Lies, damned lies, and statistics

Sadly, spin and distortion in an attempt to support a dubious parochial objective is a feature of pretty much everything these days, so nothing can be taken at face value any longer.  This just wastes a huge amount of time and effort arguing over the numbers rather than spending it on solving the problem.

A case in point is the suggestion that anything up to 70% of Atos WCAs are wrong.  Nobody quite says this, but many are happy that this might be the impression you walk away with, after all it proves without doubt that Atos is rubbish.

However it appears that only 9% of assessment decisions have been overturned at appeal – as recently verified by the independent fact-checker Fullfacts.org. (I have always found Fullfacts to be about as straight as anyone can be).

The REAL issue is therefore whether or not 9% is acceptable and if not what is?  It doesn’t sound a lot – less than 1 in 10 – but in such a sensitive area it is clearly not good enough, but no “errors” is unrealistic.
The sooner we do this, the sooner we can have a sensible discussion about how best to achieve the target (and by when) and establish a series of milestones to get us there.  This is no more than good business practice and I really cannot understand why this was not sorted out at the very beginning of this project.  The fact that it was not is inexcusable and even Harrington reports do not address this basic issue.  How can anyone possibly say that the current overall process is capable of achieving an acceptable error rate without knowing what it is?

The concept of KPIs etc has been much maligned but the one and only management cliché that I have found always holds true is “if you don’t measure it, you can’t manage it”.

[PS I do realise that WCA “errors” are not all of equal size and perhaps views would be different if they were just at the margins.]

2 comments:

Anonymous said...

You are right: even journalists sometimes mistakenly state that the WCA has a 40% error rate.

However, for me the real issue is that the WCA is a totally invalid test; it does not assess work capability in a real world but basic functional ability. As we all know, you can fail to meet the criteria for ESA and yet be unfit for work.

So in a sense there is little point in trying to improve the reliability of the assessment as long as the test itself remains invalid.

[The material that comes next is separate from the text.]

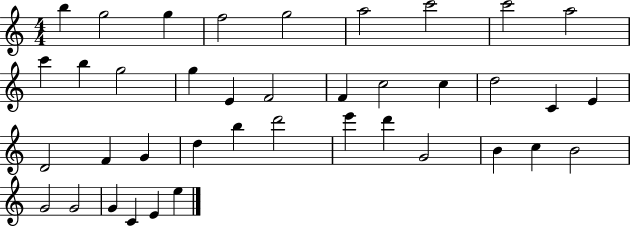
B5/q G5/h G5/q F5/h G5/h A5/h C6/h C6/h A5/h C6/q B5/q G5/h G5/q E4/q F4/h F4/q C5/h C5/q D5/h C4/q E4/q D4/h F4/q G4/q D5/q B5/q D6/h E6/q D6/q G4/h B4/q C5/q B4/h G4/h G4/h G4/q C4/q E4/q E5/q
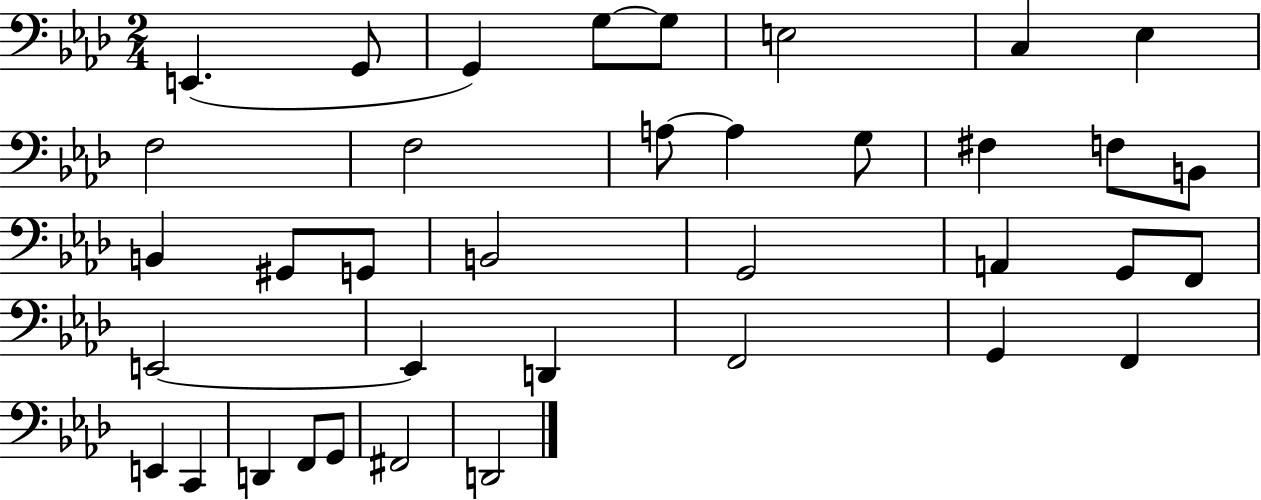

In my view all the statistics relating to the ESA/WCA are pretty meaningless. We simply don’t know how many of those who fail the WCA or whose appeals are rejected are actually fit for work; nor can we assume that those who don’t appeal are truly fit.

What I’d like to see is a sensible discussion about the design of the assessment, the structure of ESA, and the assumptions underlying the whole benefit reform – but that will never happen.

Tia Junior said...

I agree. Possibly the biggest omission is around work disciplines (http://tia-junior.blogspot.com/2012/01/welfare-reform-3-big-assumptions.html)
All these stats are valuable depending on the precise comparison you are trying to make, but they are usually quoted without due care and out of context, which just muddies the water and inhibits progress.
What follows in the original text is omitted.